Use the helper as a remote name. Replace https://example.org/wiki with the public URL of your wiki.

git clone git-remote-mediawiki::https://example.org/wiki my-wiki
cd my-wiki

The command fetches every page as a plain text file in the repository. Each page becomes a file named after its title (spaces become _ by default). The full edit history is stored as normal Git commits.

Step 3 – Make changes locally

Edit any page with your favourite editor. For example:

vim "Main_Page"
git add Main_Page
git commit -m "Improve the intro of the Main Page"
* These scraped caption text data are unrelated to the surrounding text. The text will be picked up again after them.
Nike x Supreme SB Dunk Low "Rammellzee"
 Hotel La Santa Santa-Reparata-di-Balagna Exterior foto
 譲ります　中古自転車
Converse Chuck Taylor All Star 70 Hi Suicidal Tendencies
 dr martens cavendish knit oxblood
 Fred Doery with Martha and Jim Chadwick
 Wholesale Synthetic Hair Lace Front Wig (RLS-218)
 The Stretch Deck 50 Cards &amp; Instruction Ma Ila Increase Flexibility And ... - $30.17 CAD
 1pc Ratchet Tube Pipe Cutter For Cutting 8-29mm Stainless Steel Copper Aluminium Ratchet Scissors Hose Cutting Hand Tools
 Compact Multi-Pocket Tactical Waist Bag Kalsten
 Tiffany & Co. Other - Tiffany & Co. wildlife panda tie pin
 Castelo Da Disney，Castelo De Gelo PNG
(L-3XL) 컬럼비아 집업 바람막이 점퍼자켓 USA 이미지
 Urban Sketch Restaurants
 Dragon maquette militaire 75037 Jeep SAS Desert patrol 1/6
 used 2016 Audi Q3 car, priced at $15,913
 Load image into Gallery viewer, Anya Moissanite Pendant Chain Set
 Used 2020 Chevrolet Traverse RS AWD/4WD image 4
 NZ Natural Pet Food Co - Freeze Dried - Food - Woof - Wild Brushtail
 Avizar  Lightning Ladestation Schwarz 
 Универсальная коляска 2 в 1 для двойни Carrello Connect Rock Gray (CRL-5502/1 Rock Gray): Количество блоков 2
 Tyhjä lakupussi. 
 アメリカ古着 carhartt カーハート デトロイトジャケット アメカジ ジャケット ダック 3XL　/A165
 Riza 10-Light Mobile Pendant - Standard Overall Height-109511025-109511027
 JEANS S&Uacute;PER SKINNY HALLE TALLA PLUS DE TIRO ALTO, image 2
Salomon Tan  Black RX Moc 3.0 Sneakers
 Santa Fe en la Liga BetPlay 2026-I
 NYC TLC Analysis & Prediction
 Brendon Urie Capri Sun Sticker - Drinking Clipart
You can create branches to experiment without affecting the main line:

git checkout -b feature/faq-updates
# … edit a bunch of pages …
git commit -a -m "Add new FAQ entries"

Step 4 – Push changes back to MediaWiki

The helper translates Git commits into MediaWiki edit API calls. A simple git push will replay the commits in order.

git push origin master

If the remote rejects a change (e.g. because another editor edited the page in the meantime) you will see a merge conflict. Resolve it locally and push again.

Step 5 – Collaboration workflow

Because the repository is a regular Git repo you can use any collaboration model you prefer:

  • Feature branches + pull requests – push a branch to a shared remote (e.g. a Gerrit repository) and ask reviewers to merge it.
  • Squash & rebase – keep the wiki history tidy by squashing small typo fixes before pushing.
  • Code review tools – Gerrit, GitLab or GitHub can be used to comment on each commit, exactly as you would for source code.

All of this works without changing the MediaWiki installation itself; the only thing you need on the server side is the standard MediaWiki API.

Best‑practice .gitignore

MediaWiki stores binary uploads in images/. Those files are not suitable for Git, so add a simple ignore file:

# Ignore uploaded files – they are managed by MediaWiki, not Git
images/*
# Keep the configuration files you want versioned
!LocalSettings.php

Never commit LocalSettings.php to a public repo if it contains passwords; keep credentials in a separate, ignored file and source them from LocalSettings.php instead.

Limitations

  • The helper scales reasonably up to a few thousand pages. Larger wikis (> 1 000 pages) become slow because the script has to download the full revision history.
  • Only text pages are represented. Templates, modules and other MediaWiki objects are stored as separate files, but binary file uploads are omitted.
  • Real‑time collaboration (e.g. VisualEditor’s CollabPad) is not covered – you still need to push/pull to share changes.

Putting it all together

  1. Install git‑remote‑mediawiki.
  2. Clone the wiki: git clone git-remote-mediawiki::https://example.org/wiki my-wiki.
  3. Work on pages locally, using branches for each feature.
  4. Commit often, squash before merging, and push to a shared remote for review.
  5. When the review is approved, push to origin master – the changes appear instantly on the live wiki.

With this workflow you get the best of both worlds: MediaWiki’s built‑in page history for on‑site users, and Git’s powerful branching, offline editing and code‑review tooling for developers.